In Sydney a couple of weeks ago, we went up to the headland to watch the paragliders. Awesome. The thing that amazes me is how they take off. They let the wind fill their parachute, then literally step off the headland into the air. Terrifying yet exhilarating.
That’s just watching them. I can’t imagine how it feels to actually do it, to step off into nothing and have that trust and confidence that the air will hold you up.
Trust has been an issue for me this week. I’m quitting the Day Job in just nine weeks. In one way the idea is exhilarating. finally time for myself, time to write, time to sew, time to develop some ideas I’ve had for a while about home based ways of creating income. Terrifying, because we won’t have any household income unless I can get books published and sold, get those ideas up and running.
That fear made me start trying to push myself. Despite being jetlagged, and the added exhaustion from long busy days at the Day Job, I lectured myself about the need to do more. I have all these goals, and I needed do more more more if I was to achieve them. I was lazy, I needed to work harder or I’d fail, I told myself.
Problem is, that sort of fear based badgering never works. Not for me, and I doubt it does for anybody.

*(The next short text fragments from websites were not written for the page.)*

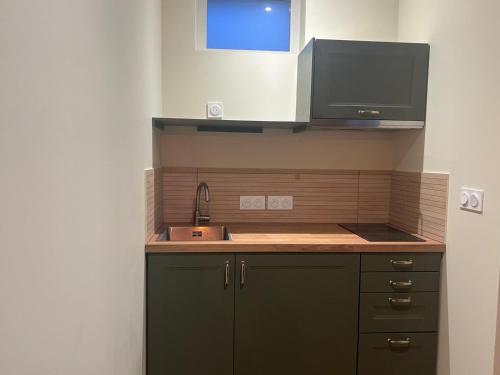 a small kitchen with a sink and a microwave at Le Ségusiave SPA in Feurs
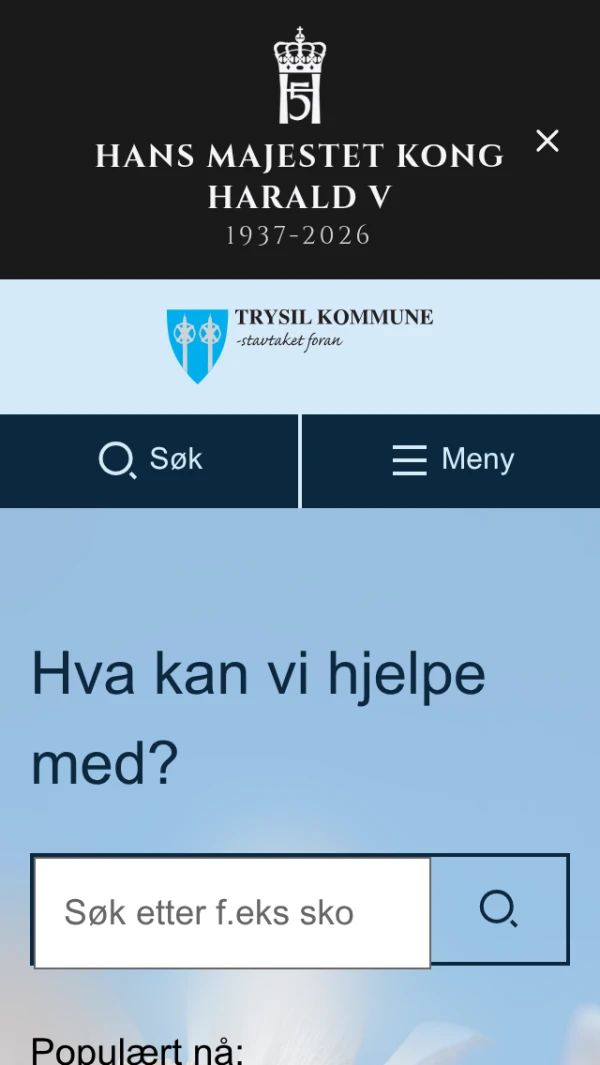 Mobile screenshot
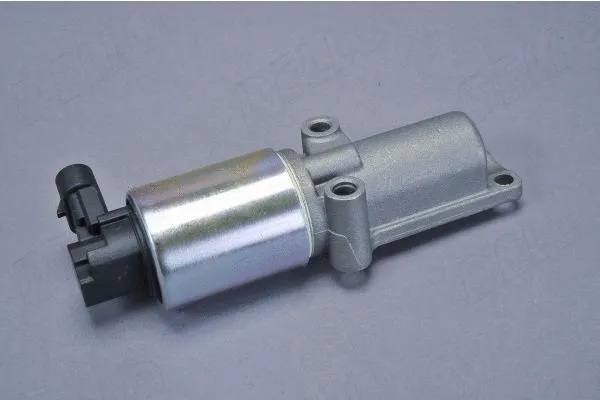 EGR Valve (213172310)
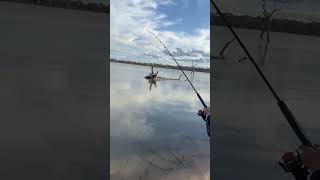 chasing redfin at dock lake [upl. by Mokas]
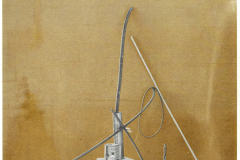 BarbelPraun02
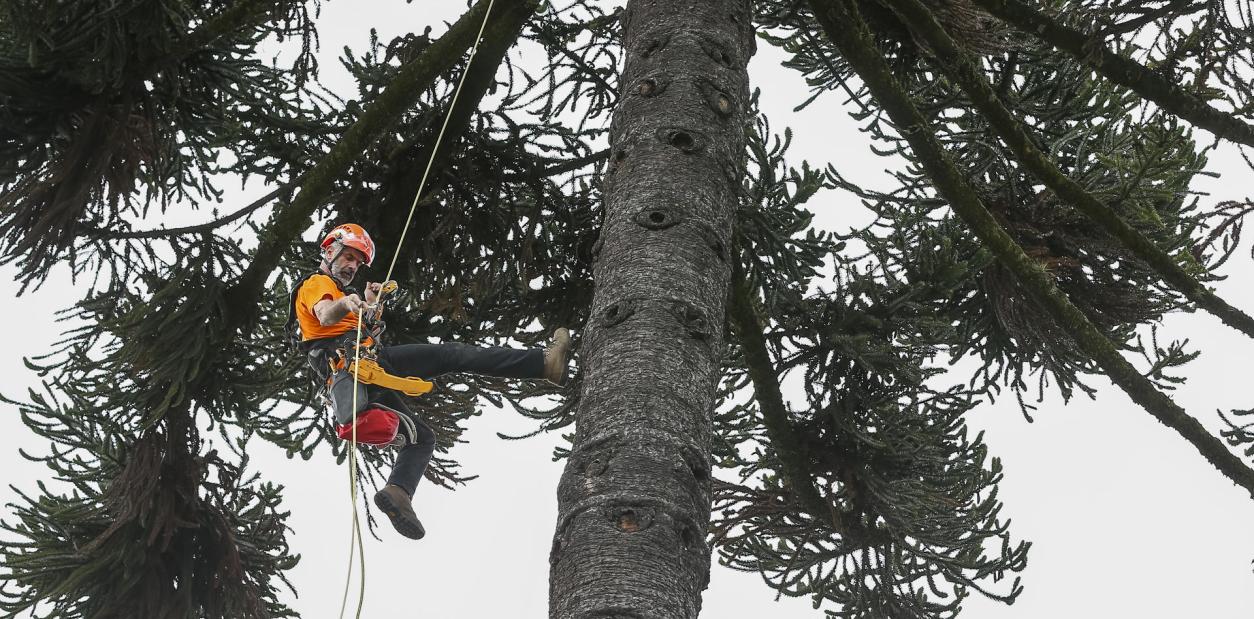 Inicia un proyecto para conservar más de 400 árboles patrimoniales de Quito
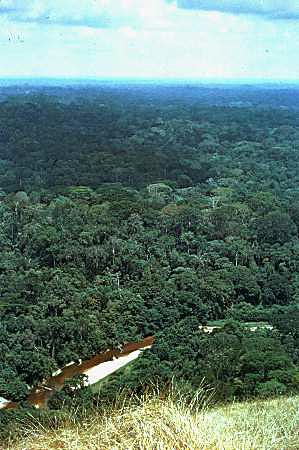 Tai-national-park--ivory-coast.jpg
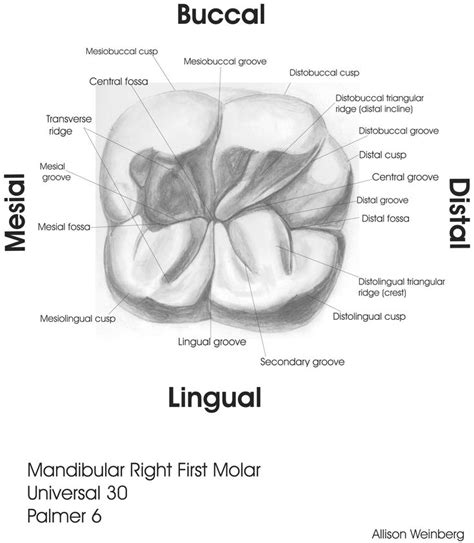 Anatomy Of A Molar Tooth Sample Drawings Morphology | Dental hygenist ...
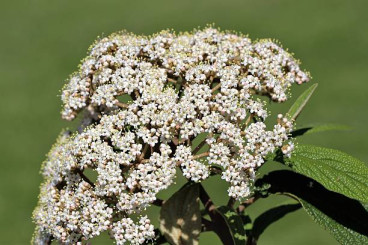 Viburnum rhytidophyllum - Sneeuwbal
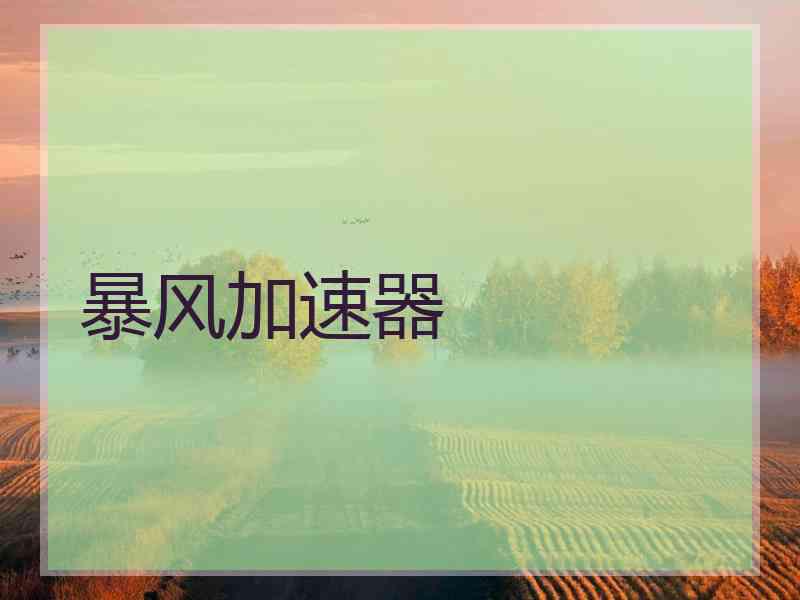 暴风加速器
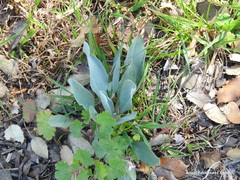 Cynoglossum cheirifolium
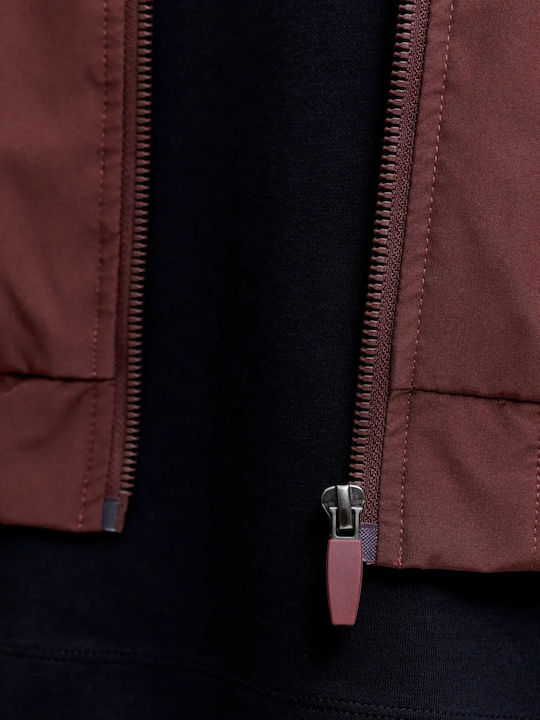 Bomber Jacket Bitter Chocolate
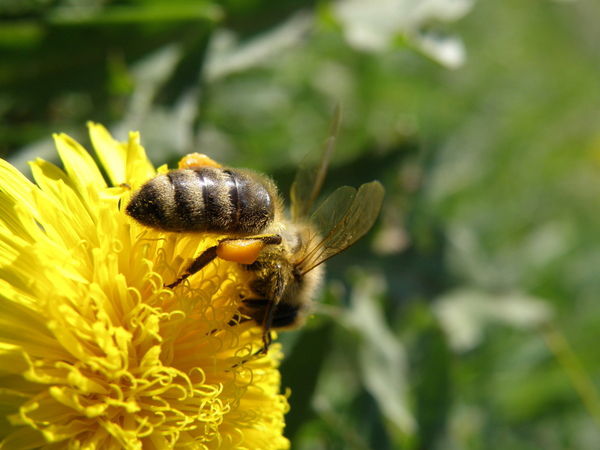 Юлия Сотокина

All it did was add to my stress and anxiety, made me less able to do anything productive, and took the joy out of anticipating Freedom Day, the day I set myself free to work at what I want to work at, not what my bosses throw at me.
When that day comes of course, I’ll end up working far harder than I ever did at the regular job. I was self-employed once before, for two lovely years after the seventh miscarriage, when I just couldn’t face looking after other people any more and sold books on the internet instead. I worked far longer hours, probably sixty hours most weeks, making less than the minimum wage, but I didn’t care. I did it more joyfully, because I was choosing what I did, and I loved the work. Laziness isn’t my problem.
On Wednesday I realised I needed a different approach, and something wonderful happened.
Instead of constantly telling myself I needed to do more, instead of making lists of what I should be doing, I took time in my Morning Pages to list what I did towards my goals the day before. Despite the crappy stress of the hamster wheel Day Job, despite the long commute, despite the exhaustion and the head cold, what baby steps had I made that day? I didn’t have to do anything, but what I did do would be recognised and acknowledged and celebrated.
Amazingly, not only did I find I’d done more than I thought, that simple act of appreciation of my tiny achievements somehow freed me to do even more over the past few days. The fear of failing lifted, and in its place came a sense of lightness, fun and a burst of creative thinking. I felt better, and I was doing better.
I wrote snippets of story on the commute, far better than what I’d written before. I had breakthroughs with plot and character niggles, things I knew weren’t right in the first draft. I had completely new ideas for the clothing business I plan to start, and began thinking bigger too. The fear I wasn’t doing enough shrank my world, felt heavy and oppressive, but my little bullet point lists of what I achieved the day before moved me into expansiveness and a huge sense of possibility.
Appreciation of myself, not nagging myself.
I think I now understand more of how the idea of goallessness works. It’s not that there’s really no goals at all, it’s that the goals are approached in a different way. There’s a kind of zen in it. Things get done effortlessly, without pushing.
I hope I can keep going like this. It’s very freeing and light. My muse likes it. She does NOT respond well to being nagged and badgered and told what she “should” be doing. She does respond to freedom, to bein g told she doesn’t need to do anything, but being recognised and rewarded when she does.
The easy simple act of writing down what I’ve done the day before, rather than setting goals and to-do lists for the day ahead like I usually do, seems to have created a huge shift.
It’s working for me. It might work for you too I’d be very interested to hear what happens if you try it!